Less Pager duty, more Yak duty. My (Strange) DevOps (rant) story.
Growing up I always wanted to work with electronics, and as soon as I could work I was working with a computer. I currently work as a Software Engineer at Vistaprint. I work on the Gallery team, which is an agile development team that works on our platform to display products in a gallery (hence the name). Before I joined the gallery team, I spent most of my career doing ops things.
When I started working in the industry I was really interested in working with scaled out infrastructure. Any large compute things I had an interest in, which lead me to be more or less an 'Ops' person. Over the course of this period I did quite a bit of networking, VMware, and LDAP administration. My first real gig was working for a school district. Staff, and students combined was 6000, and we quickly realized the only way for our team of 3 to be effective was to write code. This was my first real introduction into programming (yup, I was a late bloomer to programming).

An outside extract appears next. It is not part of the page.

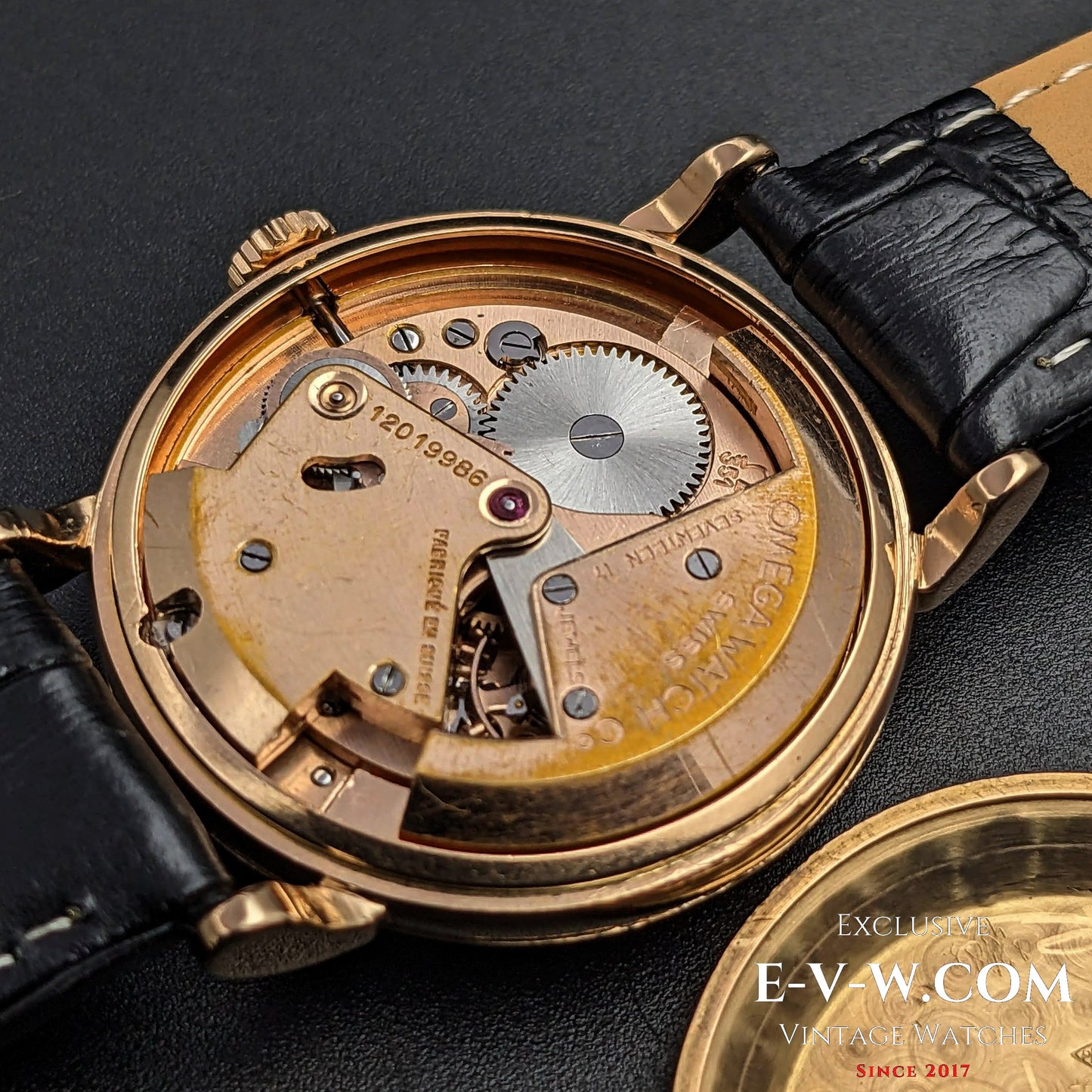 Rare Omega à cadran sectoriel / Automatique à masselottes / Or 18 carats / Cal. 351 / Vintage 1950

I always thought programming was something done by PhD types, and I never thought I'd be smart enough to do it. I didn't have the privilege of going to a great University. In fact I got my degree while working in the Industry, this left me with a lot of insecurities early on in my career. I am a creative person, and I always thought I'd be good as a full stack Web Developer. I tried to learn JavaScript in 2005, and decided that programming was too hard, not realizing that js, and the DOM API's were working against me.
I think the first time programming really 'clicked' for me was when I needed to create a script to move around 1000 users from one OU to another in Active Directory. I quickly started Googling on the ol' Bing, and I managed to whip something together with the multitudes of knowledge out there.
This was the first time that I had a real taste of the power programming can unlock, and that power was intoxicating.
Over the course of my ops career I started creating a lot of tooling to pursue the goal of faster, more flexible infrastructure. During this time I noticed that some of my colleagues really started acting different around me.
All of a sudden, I felt very alienated from the rest of the operations community, but I wasn't being embraced by most of the developers either.
I think a lot of the culture issues quickly I faced subsided when we had Insert large amount of copies of the Phoenix Project floating around the office.
While I working on a team with Sarah Flint, and Matt Alioto called Automation Task Force (that is the actual name). One of my good friends Nicholas Pirollo mentioned I should join the gallery team. This was further reinforced by Drew Ditto the lead developer. As someone who spent their entire career in ops, and never thought about being a Software Engineer. I was immediately skeptical if I could even add value to their team. I took the risk, and plunged into what is basically a new career.
The one amazing thing about Vistaprint...erm..Cimpress is the fluidity at which people can grow, and change their careers (and I'm not getting paid to write this either). I've grown a ton over the last 4 years already. Within a month of saying "sure I'll come work for you guys" I was on their team, and was already working on some major changes that I probably shouldn't hint about.
My being on this team has certainly helped things move a little. A lot of ops people have come to me for dev-centric questions, and I have been increasingly helpful in providing them a perspective of what developers at Cimpress want. While also telling the people on my (new) team, how to structure requests to the ops teams, and how we can make our application(s) more accessible to our operations brethren. That being said I didn't write this to give you the typical 'DevOps' story, but unfortunately as I write this it is slowly turning out this way.
I feel that I have matured a lot. I have really started to understand the problems developers around me face, when they have little domain knowledge on what would be more traditional IT things. I am not really good at understanding human relationships, but this move as certainly made me realize how two groups of very similar people can be different. The one thing that has really irked me lately is both of these groups of people have more things in common, than differences. Yet both groups seem hell bent to point out each others failings.
I guess my whole point in this whole thing is to try to gain someone else's perspective. That is probably what mixed Developer/Ops teams try to gain. Lets be honest dev's and op's have more or less a symbiotic relationship. Even with every cloud technology at you command, you will still need ops people once you get to a certain scale, and ops people cannot administrate systems that don't do anything. Lets come together and get along, for the good of OUR industry.
tl;dr I was a sysadmin, now a dev. Why Can't we all get along?